Pizza Arbitrage: How One Restaurant Beat DoorDash At Their Own Profit-Skimming Game

Author: Ariana Brajkovich

smart phone with food delivery apps
Any restaurant who has a partnership or has considered a partnership with a 3rd party delivery company has felt the pressure and negative effects from these giants. However, there are select restaurants who still deal with these companies interfering in their business despite having never spoken to a representative. 

That is just the case for Aj’s NY Pizzeria, a new-york style pizza shop with Manhattan and Topeka, Kansas locations. For years, the owner resisted any kind of delivery, let alone that of a 3rd party vendor. But strangely enough, they began getting complaints from customers about poor delivery experiences. Upon further investigation, Aj’s discovered that DoorDash had altered Aj’s google listing and added the restaurant to their delivery app. 
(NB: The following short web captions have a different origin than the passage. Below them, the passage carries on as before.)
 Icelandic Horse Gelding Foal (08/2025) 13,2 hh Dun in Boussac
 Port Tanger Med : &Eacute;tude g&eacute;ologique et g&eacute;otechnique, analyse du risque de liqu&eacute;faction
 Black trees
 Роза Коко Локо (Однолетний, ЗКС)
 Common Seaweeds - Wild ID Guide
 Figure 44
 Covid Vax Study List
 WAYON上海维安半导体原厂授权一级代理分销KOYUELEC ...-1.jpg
While the inability to control their customers’ experience was unfortunate, there was a positive twist. DoorDash was listing Aj’s pizzas for over 30% less than the menu price! So Aj’s ran a little test; they ordered 10 pizzas through the DoorDash app to a neighbor. Surely enough, a call came into the restaurant a few moments later from a DoorDash call center requesting the exact order. The pizzas were then delivered and Aj’s collected a cool $80 profit from ordering from his own restaurant. 
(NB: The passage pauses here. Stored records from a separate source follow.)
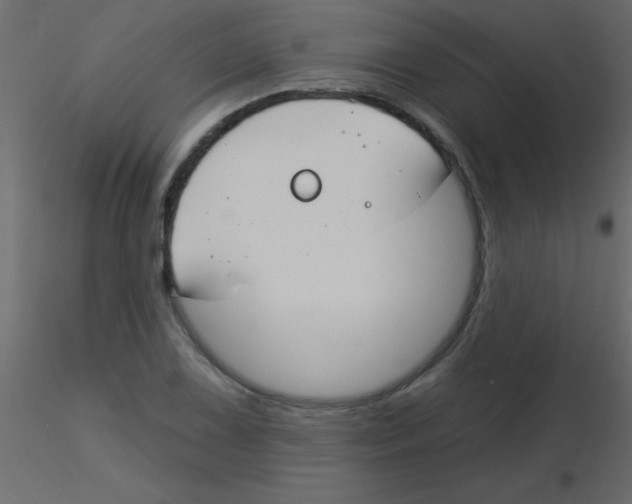 X0000115831075200912241951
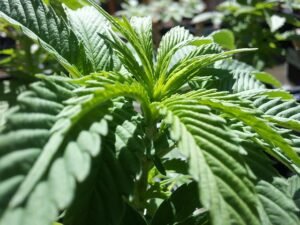 cannabis leaves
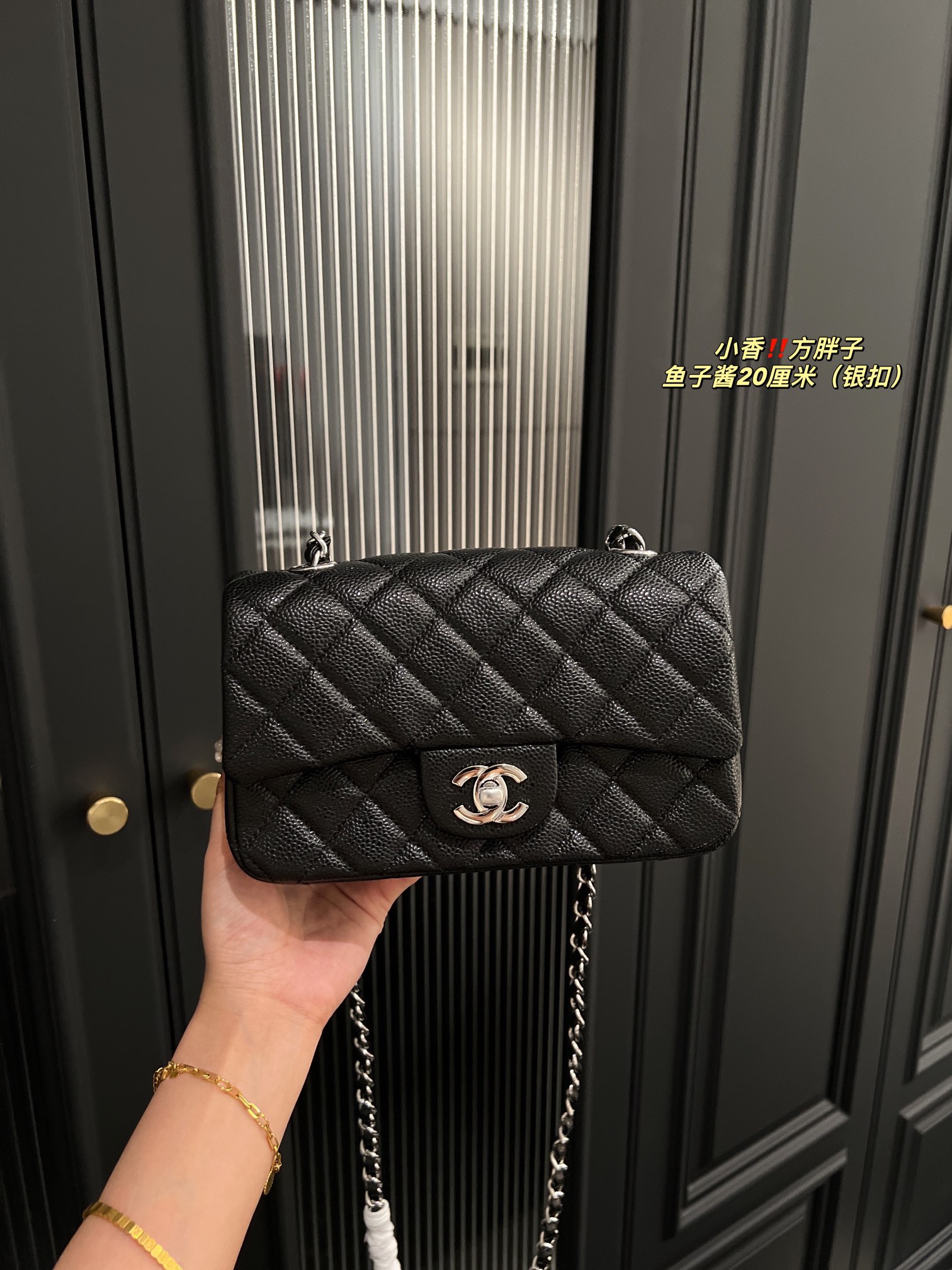 Chanel Shoulder Bag 017 DB071 20cm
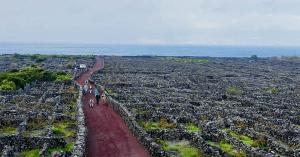 Azores Vineyard in Pico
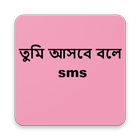 তুমি আসবে বলে SMS ícone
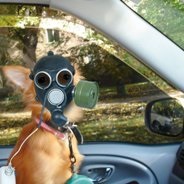 Respirați în mașină sau ... nu respirați purificatoarele de aer pentru acasă și birou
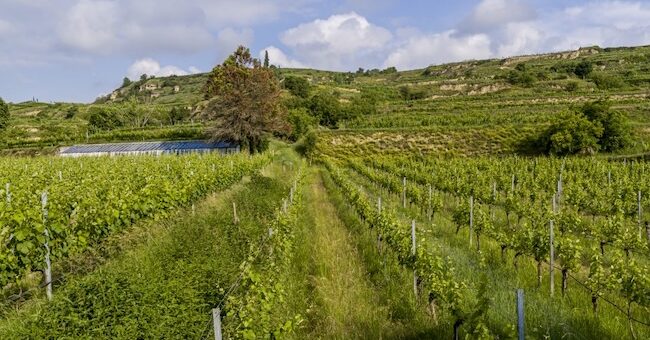 Austria vineyards are 25% organic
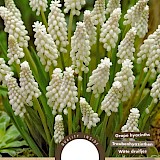 Witte Druifjes Muscari Botryoides Album 5/6 15st.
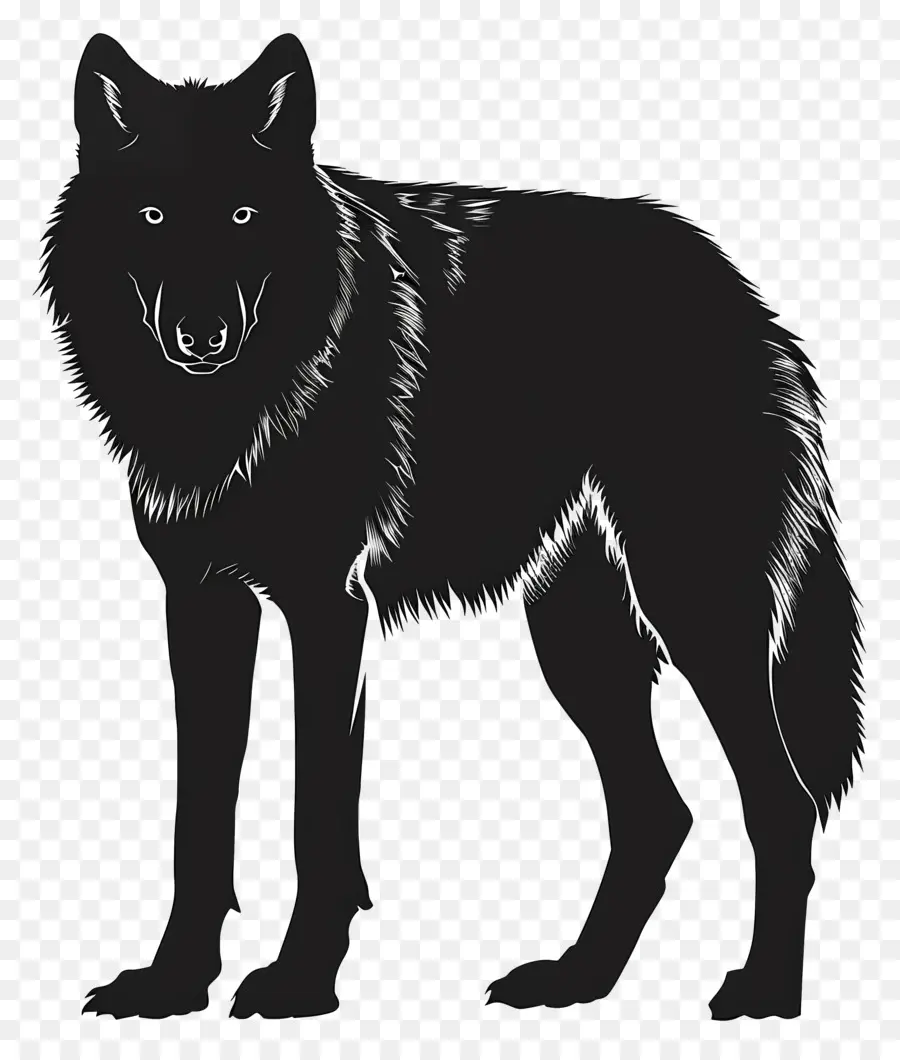 Lobo Silhueta，Lobo Negro PNG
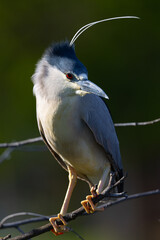 black-crowned night heron perched with the wind moving his feathers, seen in the wild in a North California marsh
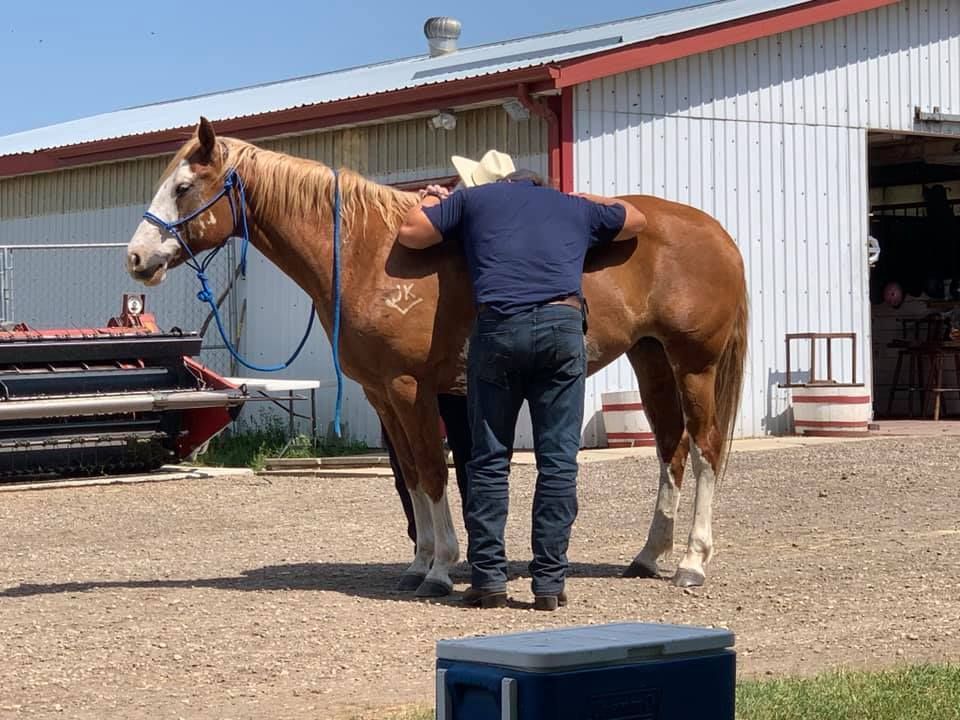 A horse with a man hugging it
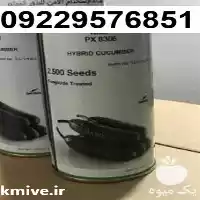 فروش بذر خیار کوکمبر هیبرید زودرس در مشهد در گروه خرید و فروش بذر خیار در یکمیوه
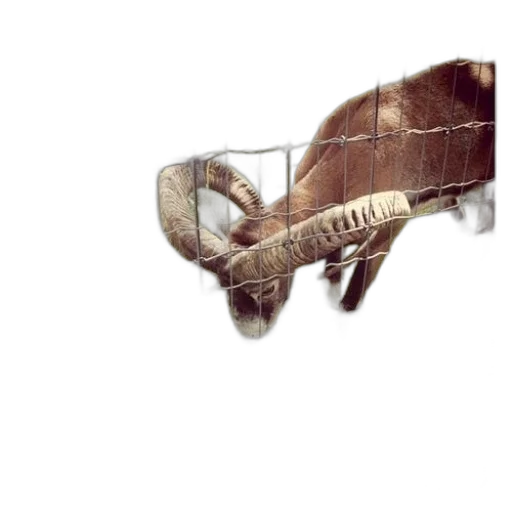 animal, creature, weapon, hair, concept art, photorealistic, watercolor, ram transparent PNG cut-out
Now, just to be clear, we are not recommending this strategy whatsoever, and neither does Aj’s. Just thought that all of you out there who get the short end of the delivery stick would enjoy a story on restaurant justice. 
Aj’s NY Pizza did later learn that this practice is common for DoorDash, not for the long run, but as a means to aid client acquisition. The delivery company does an unauthorized data scrape to appear on the google listing so they are better equipped with informational leverage when proposing the “partnership.”